台所にあいつが出た
とってもつまらない日常生活の模様を27歳になりきって書いてみました。
あいつ・・・といえばあいつです。
感想など、いただけたら幸いです。
では、しばしのお付き合いを。
〇月〇日、月曜日、晴れ。
朝起きたら、あいつがいた。
「ゴ・・・ゴ・・・」
お母様方が見たら飛び上がる奴。無駄に綺麗に黒光ってる。
「ゴキブリぃぃいいい!!!!!」
私は声帯が潰れるほど叫んだ。慌てて新聞紙を取りにいく。
新聞紙を高速でぐるぐると巻く。ゴキブリ退治兵器完成。
「死ね死ねバカ!!!」
残酷な言葉を連発しながら、床をバシバシ叩く。
ちなみに私は動物、昆虫ともに好きだ。しかしこいつだけは許せない。
「退治完了!!」
息切れが酷い。あいつはペタンとくたばっている。
しかし、今井佳奈はふと思った。
――――こいつは私に、酷い事をしたことがあっただろうか。
――――なぜ私は何もしてないこいつを殺してしまったのだろう。
みなさん、よく考えてほしい。特に今、ゴキブリを退治中の方。
ゴキブリはあなたを苦しめたことがあるだろうか。
殺すことになにか意味があるのだろうか。
殺す前に、少し、考えていただきたい。
佳奈はそんなことに約10分ほど時間を費やしていた。
命について考えるのはいいことだが、それを27歳で初めて考えるなんて、ちょっと遅すぎないか。
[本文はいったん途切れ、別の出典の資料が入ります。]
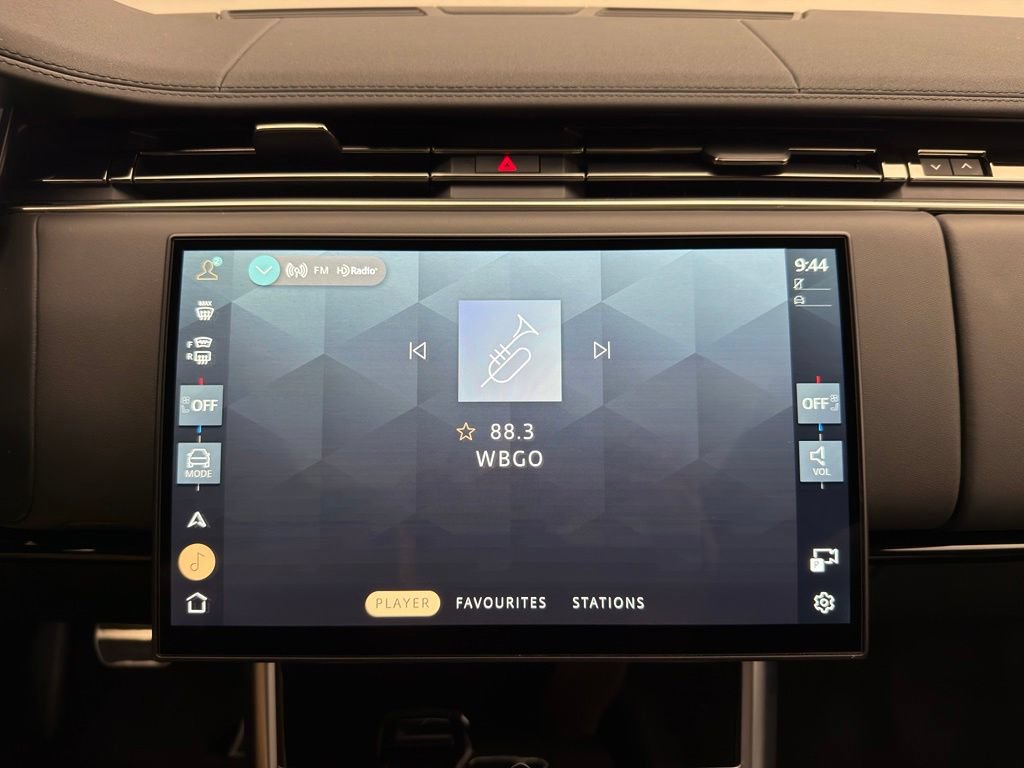 Certified 2025 Land Rover Range Rover SE AWD/4WD image 15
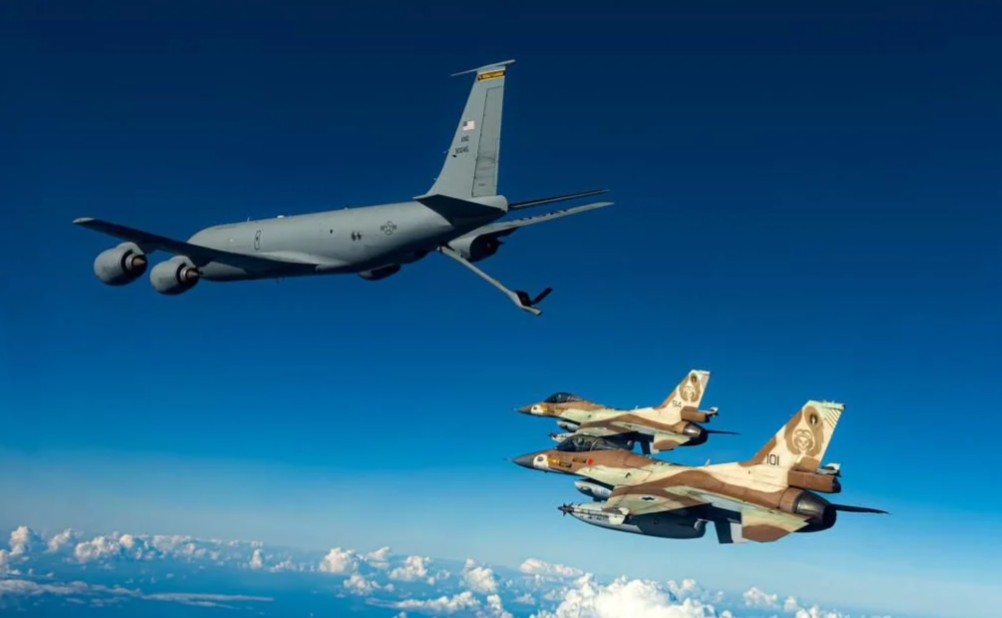 Israel plant weitere Angriffe im Iran für mindestens zwei Wochen Saudi-Arabien, Emirate und Katar rücken militärisch näher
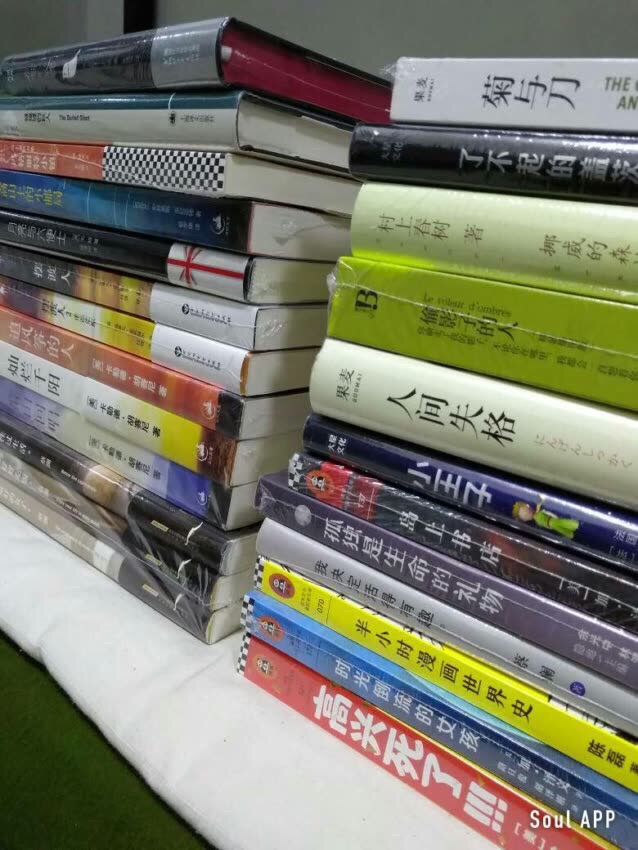 人生其一爱好,看书买书囤书。在已经买了几百本书了。平时工作都在外面“放飞自我”,放假就很喜欢宅在家,在家中的飘窗前,泡上一杯毛尖,或是一壶白芽奇兰,安静当书虫,人生美哉。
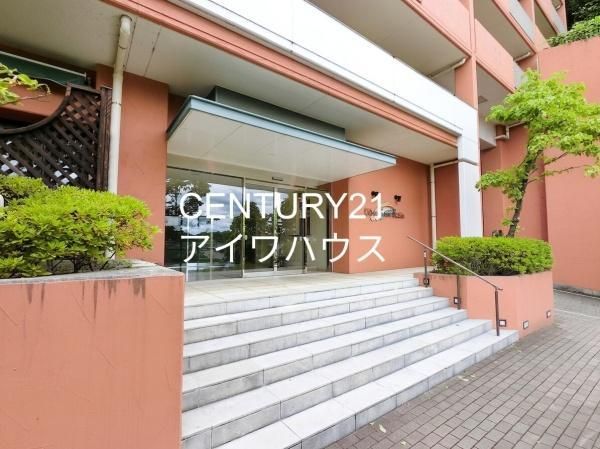 2LDK Apartment in Kawasaki, Asao Ward - 70.47m2 - Thumbnail 2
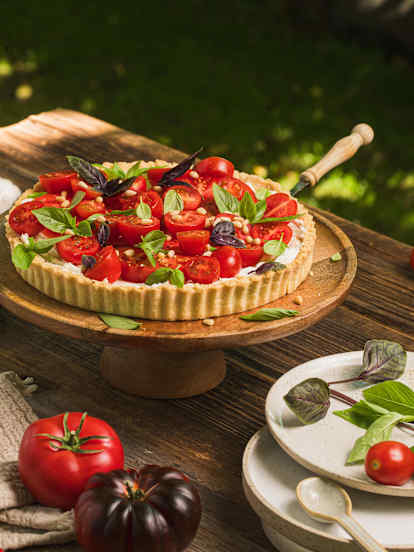 Tarta z ricottą i kolorowymi pomidorkami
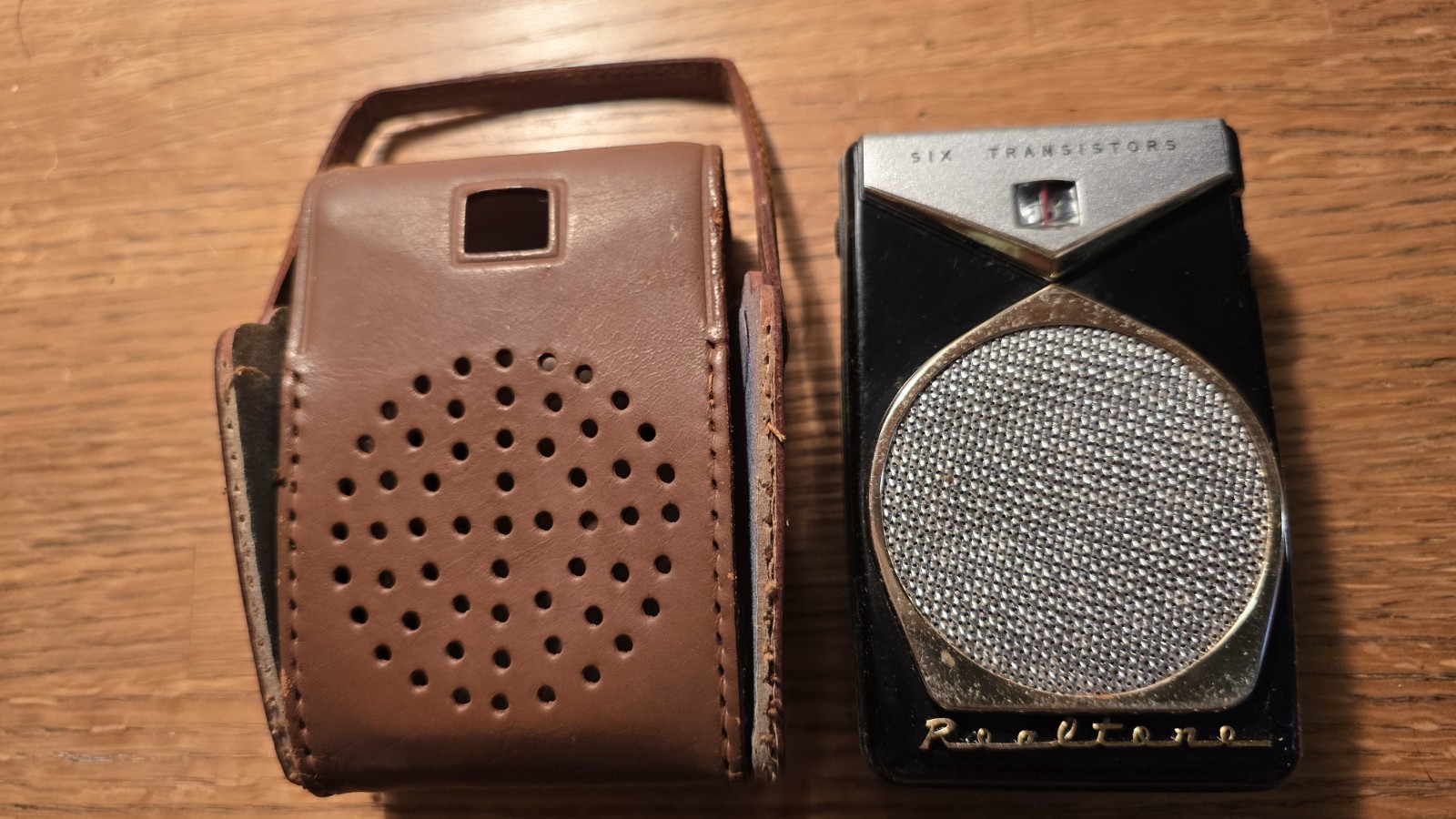 Vintage Realtone Electra TR-801 Transistor Radio w/case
そんなこんなでゴミだしに。ちなみに佳奈は1週間ほどゴミをためている。
アパートを出る。そこには大家さんがいた。
「27歳の若い女子が彼氏もつくらずなにをやってるのかね。私が若い時はそんなんじゃなかったよ。」
あいかわらず嫌味をとばしてくるババ・・・大家さんだ。
「大家さんには関係ないと思いますよ?」
佳奈は鼻で笑った。大家さんは負けじと言い返す。
「こんなアパートにすんでちゃモテないよ。」
じゃあお前なんでこのアパートの大家やってんだ。
あと少しでブチ切れそうになったが、大家さんの相手をしてる暇じゃない。
ゴミを出すことを忘れてはいけない。
しかし。
「あああぁぁぁーーーーーー!!!」
ゴミ収集車は、佳奈の目の前で通り過ぎた。